Sin embargo, el proyecto de la Judicatura Federal deja en el acotamiento cuestiones esenciales. La configuración vigente del Consejo de la Judicatura ha revelado que no es la propicia para atender las necesidades de un Poder Judicial del tamaño y responsabilidades como el actual. El número de órganos jurisdiccionales que existían en 1994 cuando se creó el Consejo, es diametralmente mayor que el despliegue territorial 25 años después. En estas últimas décadas, el volumen de competencias, materias y casos de los que conoce el Poder Judicial federal ha aumentado notablemente. El método de nombramiento de sus integrantes es una de las causas que explican la captura cupular y el coyotaje político de los expedientes. La condición dual del presidente de la Corte y del Consejo de la Judicatura es una tentación a la concentración de poder y, por supuesto, a la formación de facciones internas. Ejemplos sobran.
La propuesta incorpora dos elementos preocupantes que ameritan una reflexión cuidadosa. En primer lugar, cierra el acceso de los estados y municipios a la justicia constitucional para defender sus atribuciones. Bajo el argumento de que la evolución natural de la Suprema Corte tiende a concentrarse en problemas puramente constitucionales, incorpora un par de reglas que implican que los conflictos competenciales no tendrán solución en la autoridad de un tercero imparcial, sino que regresarán inevitablemente al arbitraje presidencial. De aprobarse la reforma, el pluralismo que se recrea en el federalismo quedará en indefensión. Y es que, desde hace unos años, se ha desconstitucionalizado intencionalmente el reparto competencial para trasladarse a leyes generales de distribución o a instrumentos operativos de coordinación, como consecuencia de la ampliación del catálogo de facultades concurrentes y la creación de sistemas nacionales.

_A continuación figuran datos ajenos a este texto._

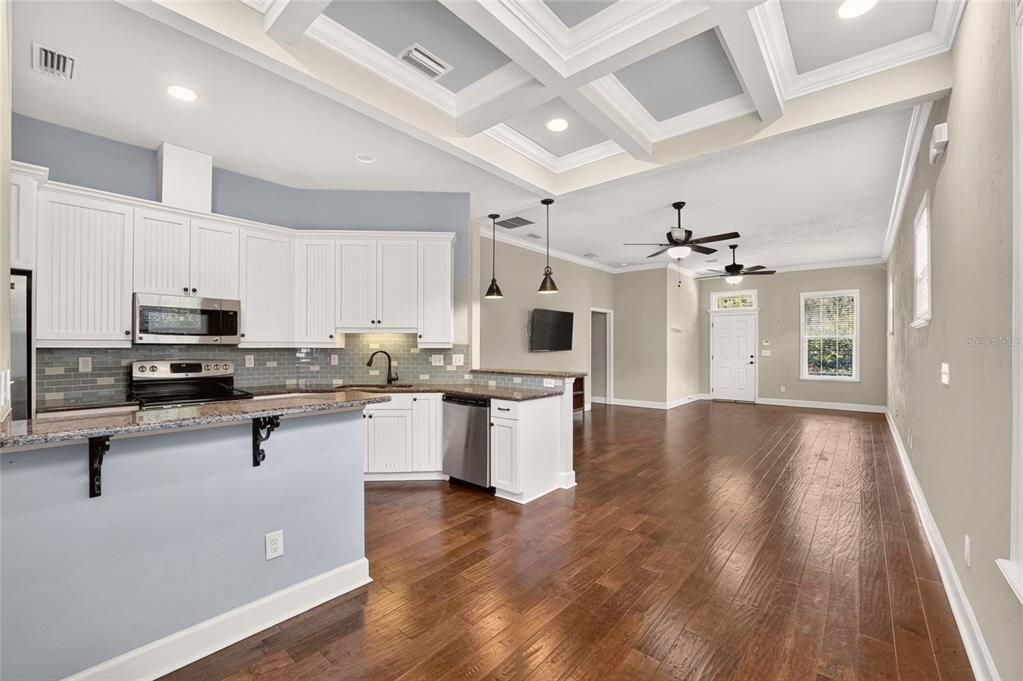 For Sale: $300,000 (3 beds, 2 baths, 1455 Square Feet)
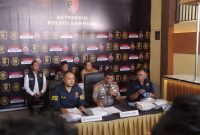Kapolres Sampang, AKBP Hartono didampingi Kasatreskrim Iptu Nur Fajri Alim dan Kasi Humas, 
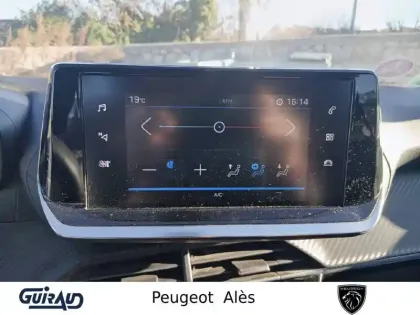 Photo 16 Peugeot 208  PureTech 100 S&S BVM6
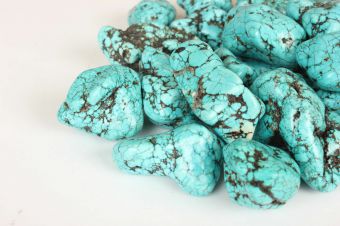 Необработанные камни бирюза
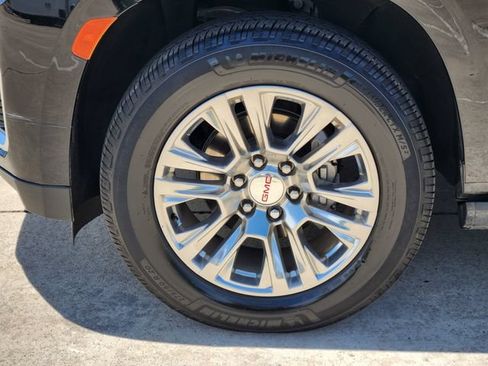 Used 2023 GMC Yukon Denali AWD/4WD image 11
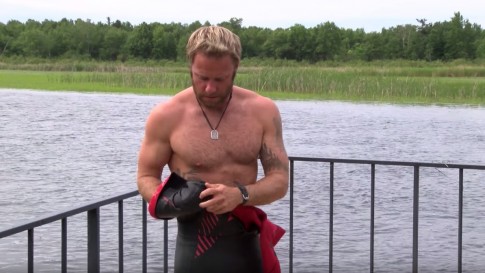 Navy Vet Swims Mississippi River to Remember Fallen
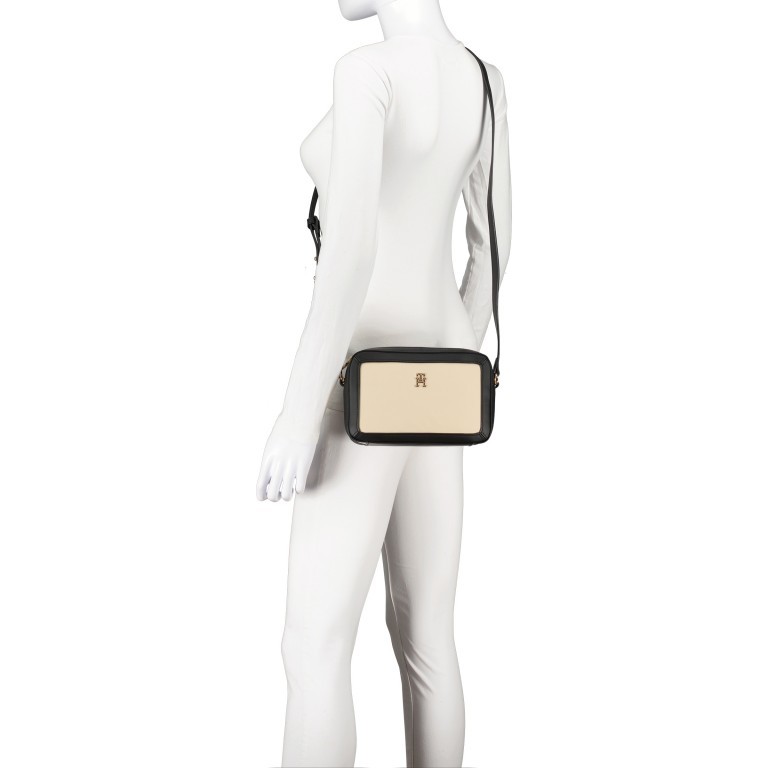 Umhängetasche Essential Crossover Bag S White Clay Black, Farbe: beige, Marke: Tommy Hilfiger, EAN: 8720645818786, Abmessungen in cm: 21x13.5x7, Bild 5 von 6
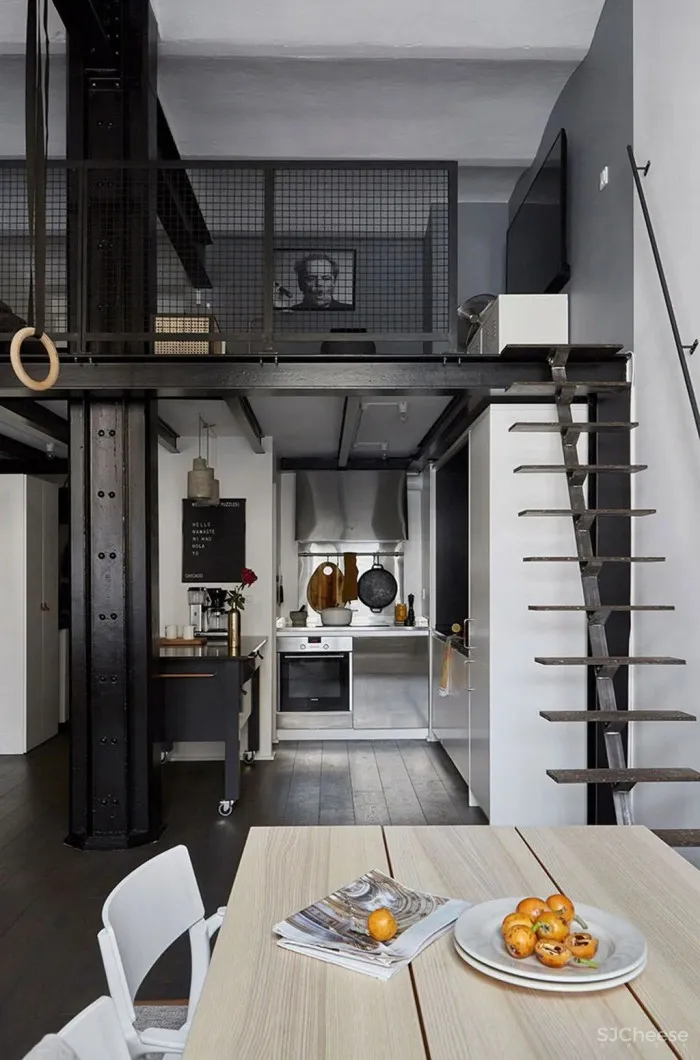 一位女性音乐家在斯德哥尔摩的夹层阁楼公寓（64平方米）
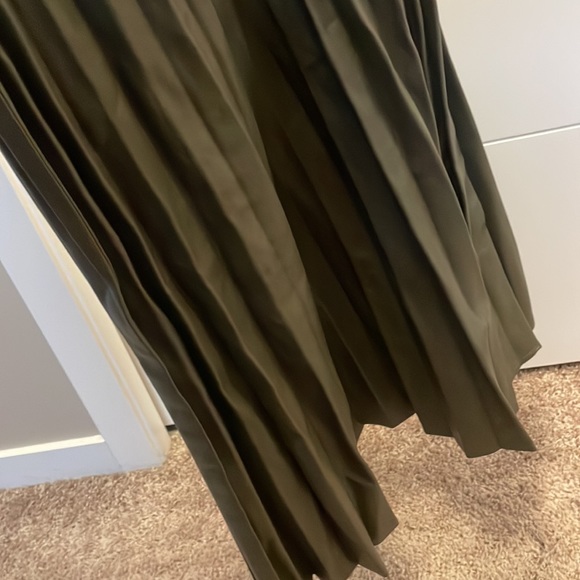 Brand new faux leather skirt in olive - Picture 3 of 5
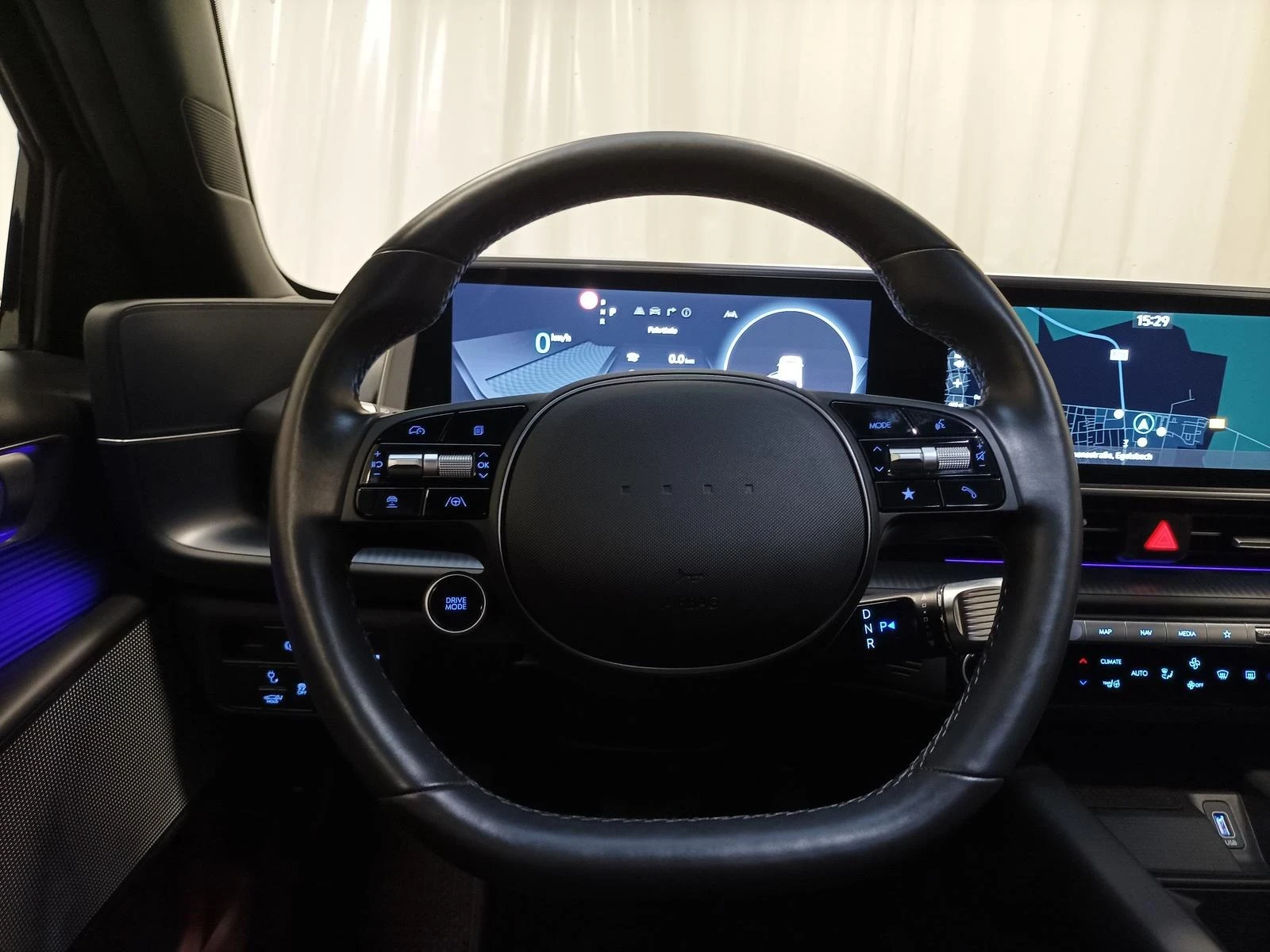 Hyundai Ioniq 6 77kWh RWD Techniq Matrix DISTR HUD Winter Package , снимка 8 - Автомобили и джипове - 54202833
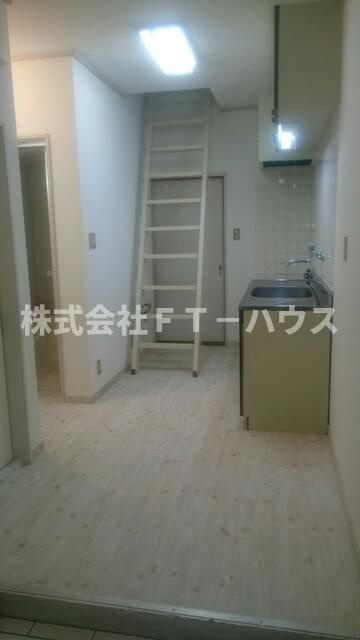 伸栄ハイツ海神の居間・リビング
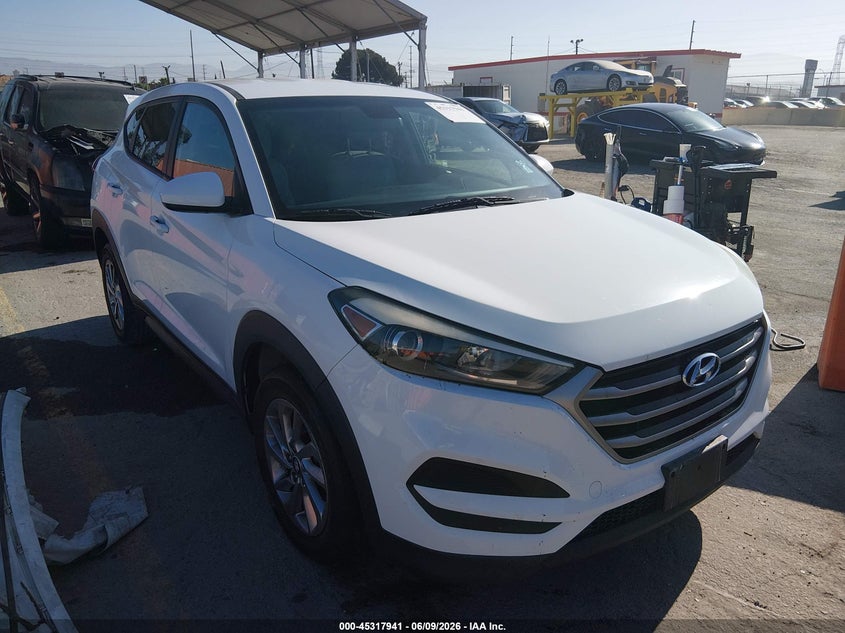 2017 Hyundai Tucson VIN KM8J23A4XHU284836 IAAI salvage auction — BIO HAZARD, Salvage Title, sold $3,275 on 2026-07-22 (photo 1)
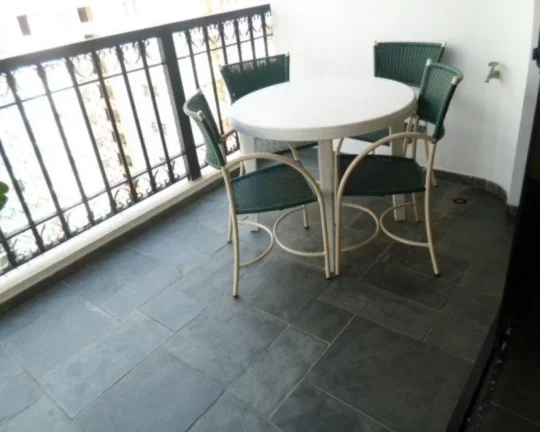 Imagem Apartamento à venda no Guarujá na Praia das Pitangueiras.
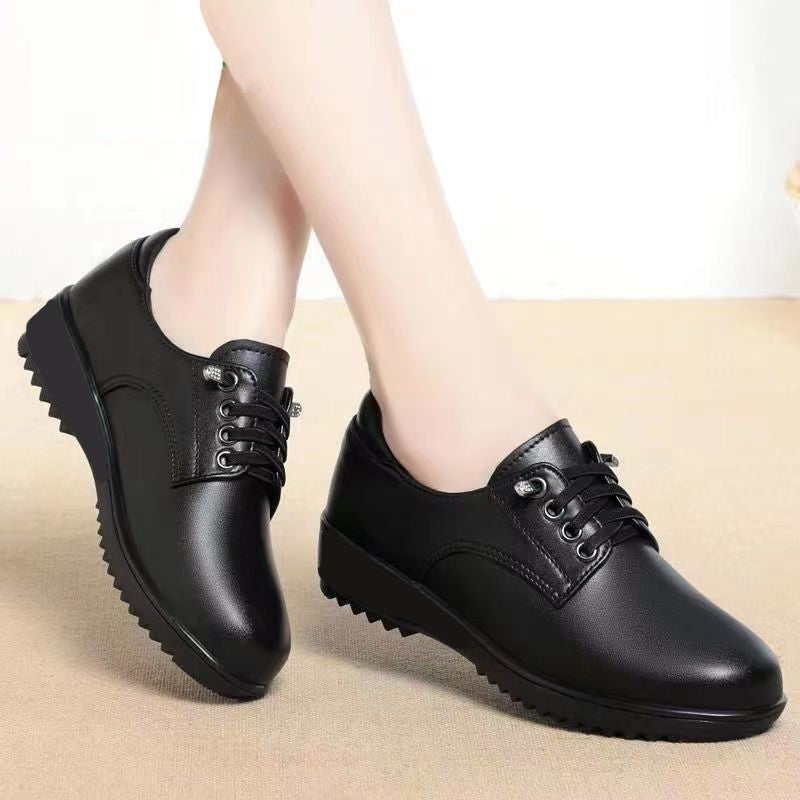 Britische Schnürschuhe aus Leder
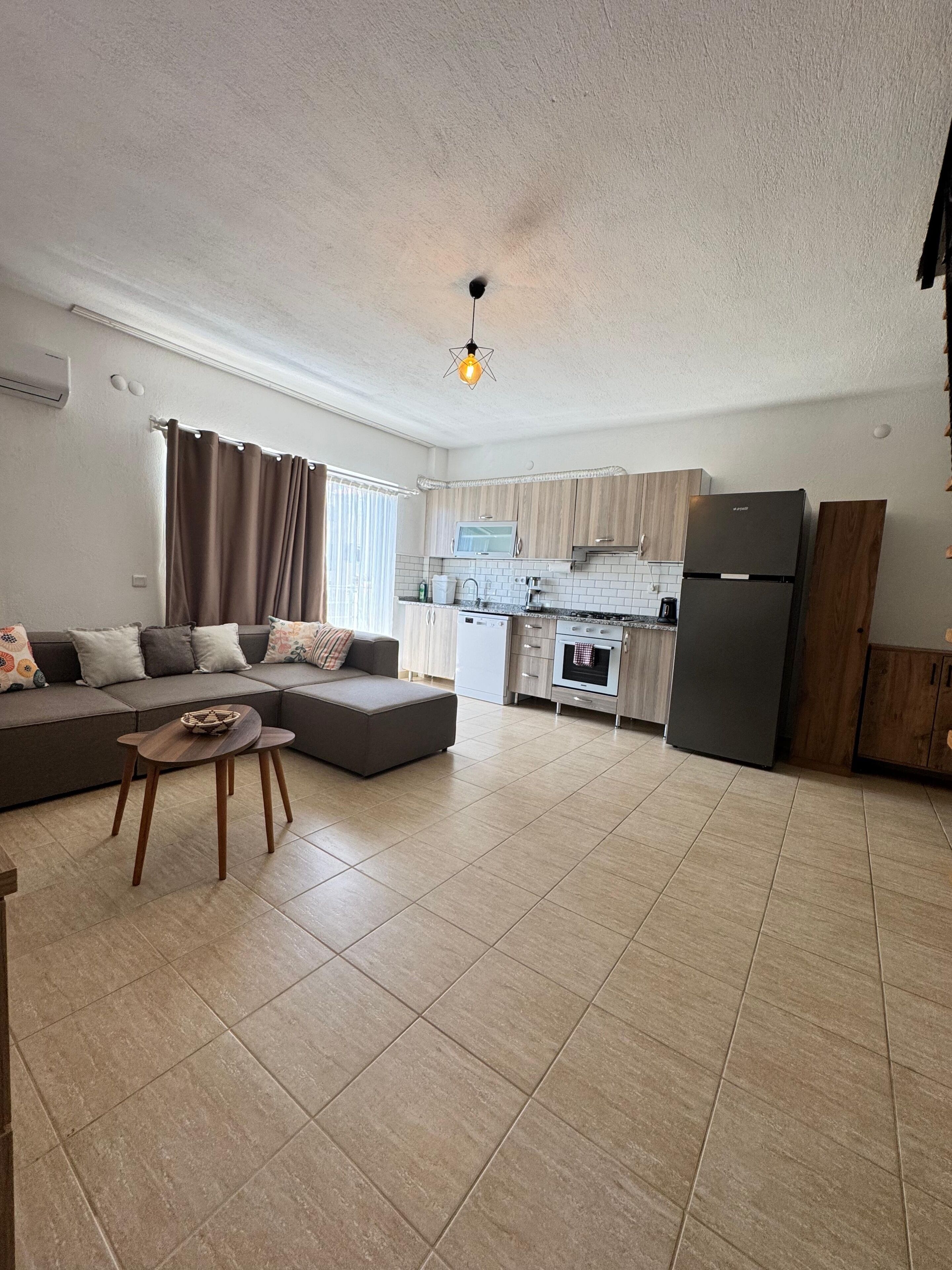Apartment, 3 Bedrooms, Balcony, City View | Living area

Esto supone que cualquier controversia sobre las competencias asignadas a los órdenes de gobierno es necesariamente una cuestión de legalidad y, por tanto, fuera del escrutinio de la Corte.
En segundo lugar, la propuesta extrañamente elimina la facultad del Pleno de la Corte de revisar la actuación de su Presidente cuando admite o desecha la procedencia de los amparos directos en revisión. Esto supone que la política de interpretación constitucional y de fijación de precedentes relevantes, queda en manos de un solo hombre. Y, como enseña la experiencia, hay que desconfiar de hasta el más noble transformador.
Las oposiciones deben aprovechar el impulso de esta propuesta para corregir una anomalía. Me refiero a las mayorías calificadas exigidas para expulsar del ordenamiento leyes inconstitucionales u otorgar efectos generales a las declaratorias respectivas. La mayoría de ocho votos significa en realidad el veto de la minoría para que subsista la actuación inconstitucional de una mayoría parlamentaria. En efecto, la 'Ley Bonilla' podría subsistir si cuatro ministros la defienden. Y esa regla no tiene razón alguna. Fue una cautela sobreestimada en tiempos del partido hegemónico. Es tiempo de jubilarla. Por el bien del pluralismo.